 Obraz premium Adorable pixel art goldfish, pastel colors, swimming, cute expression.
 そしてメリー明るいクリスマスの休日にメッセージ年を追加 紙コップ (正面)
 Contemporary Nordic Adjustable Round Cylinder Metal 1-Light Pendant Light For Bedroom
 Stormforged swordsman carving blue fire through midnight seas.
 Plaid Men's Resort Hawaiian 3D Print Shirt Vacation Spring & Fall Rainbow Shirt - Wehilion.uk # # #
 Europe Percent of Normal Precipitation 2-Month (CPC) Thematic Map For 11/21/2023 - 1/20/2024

* * *

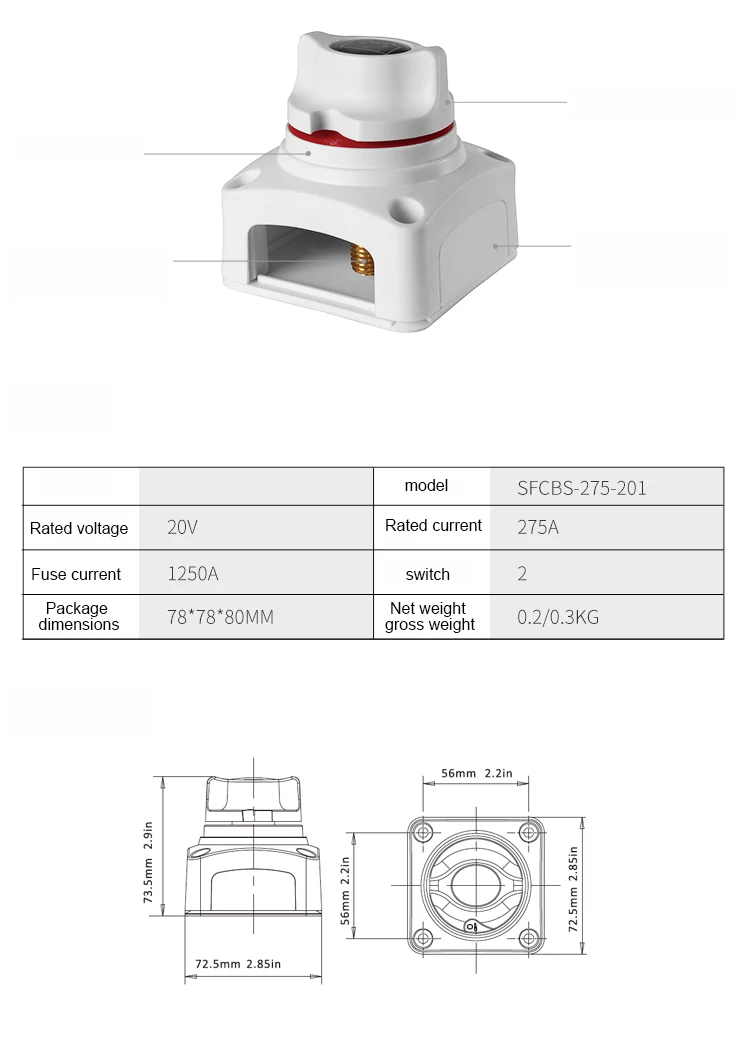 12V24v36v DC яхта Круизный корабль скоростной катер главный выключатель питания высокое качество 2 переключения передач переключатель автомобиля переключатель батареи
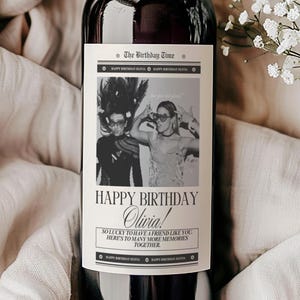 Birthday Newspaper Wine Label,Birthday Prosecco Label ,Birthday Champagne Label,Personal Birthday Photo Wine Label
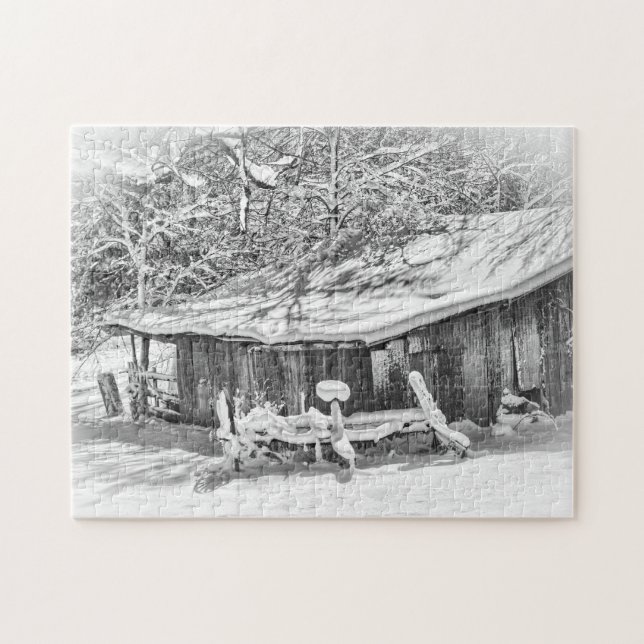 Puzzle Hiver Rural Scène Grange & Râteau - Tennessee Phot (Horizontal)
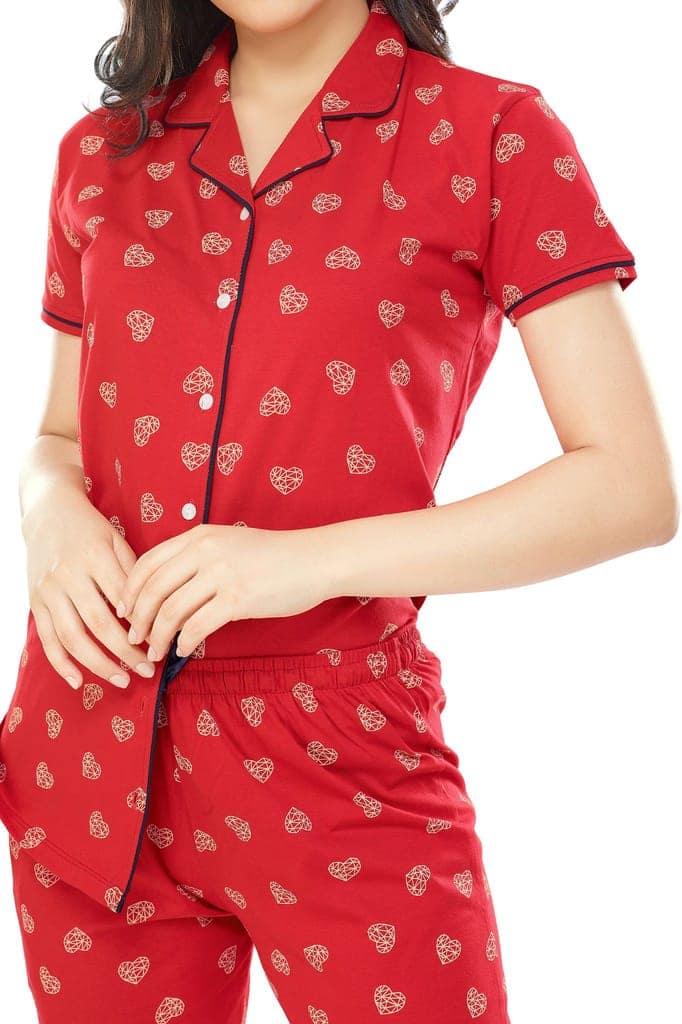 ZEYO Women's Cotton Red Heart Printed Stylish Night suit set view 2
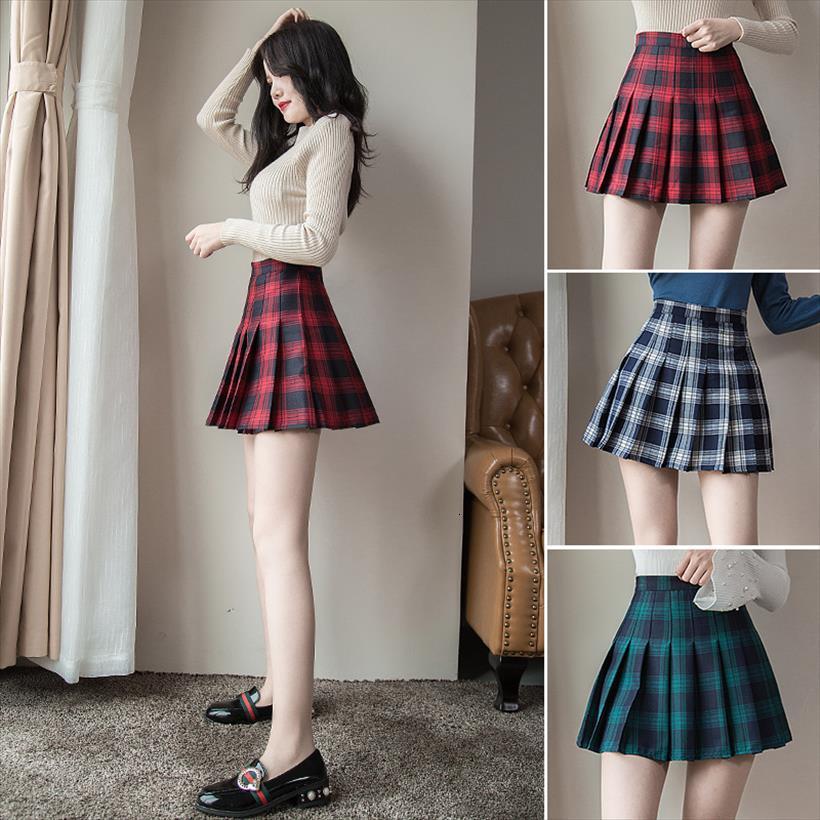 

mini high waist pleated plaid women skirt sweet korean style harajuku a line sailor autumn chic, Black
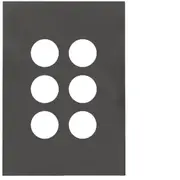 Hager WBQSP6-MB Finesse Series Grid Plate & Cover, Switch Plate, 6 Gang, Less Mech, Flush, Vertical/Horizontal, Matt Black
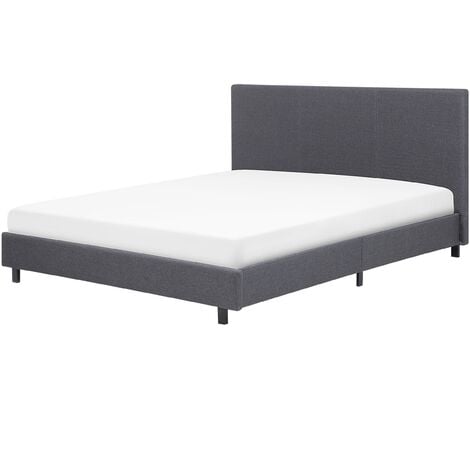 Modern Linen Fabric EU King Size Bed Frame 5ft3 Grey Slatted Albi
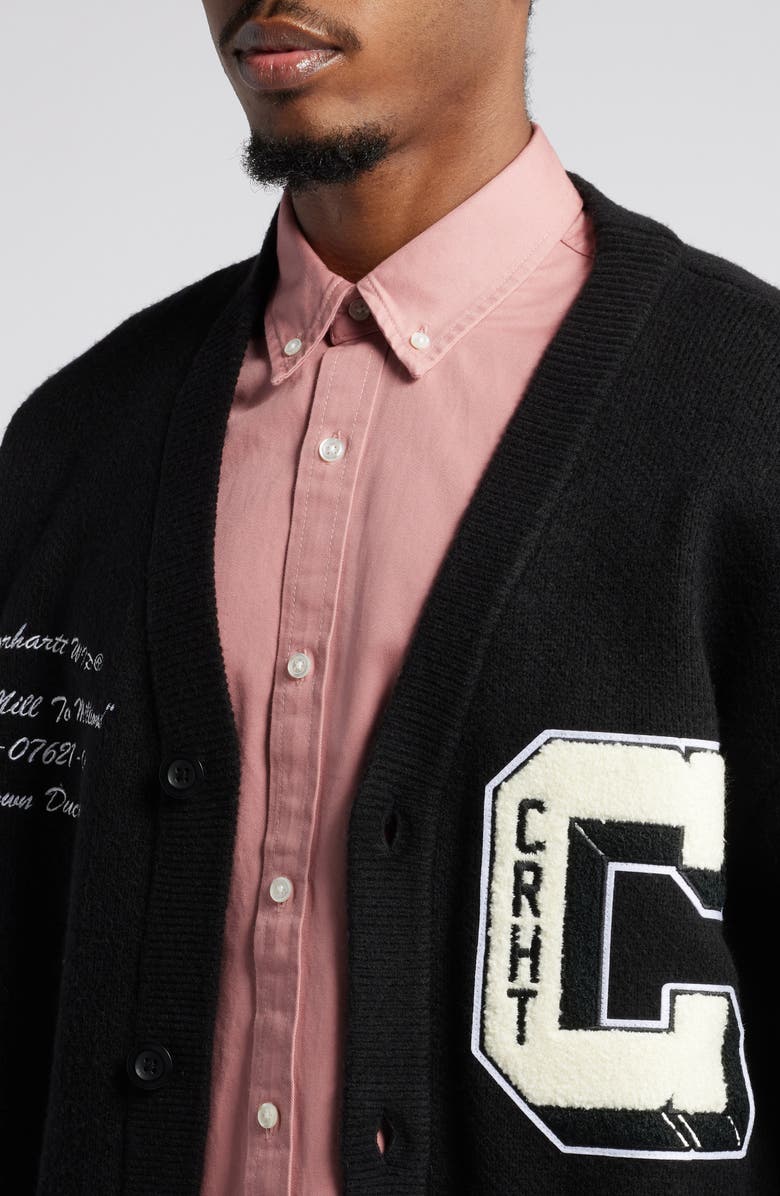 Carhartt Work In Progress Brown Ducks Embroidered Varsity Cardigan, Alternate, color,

---

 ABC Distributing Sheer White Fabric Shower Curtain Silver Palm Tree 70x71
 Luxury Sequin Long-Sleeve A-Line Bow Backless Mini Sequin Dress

What is required —
Reproduce the records above exactly, but only from the line with "Hager WBQSP6-MB Finesse" up to and including the line with "Carhartt Work In". Leave the pictures out.

Task answer —
 Hager WBQSP6-MB Finesse Series Grid Plate & Cover, Switch Plate, 6 Gang, Less Mech, Flush, Vertical/Horizontal, Matt Black
 Modern Linen Fabric EU King Size Bed Frame 5ft3 Grey Slatted Albi
 Carhartt Work In Progress Brown Ducks Embroidered Varsity Cardigan, Alternate, color,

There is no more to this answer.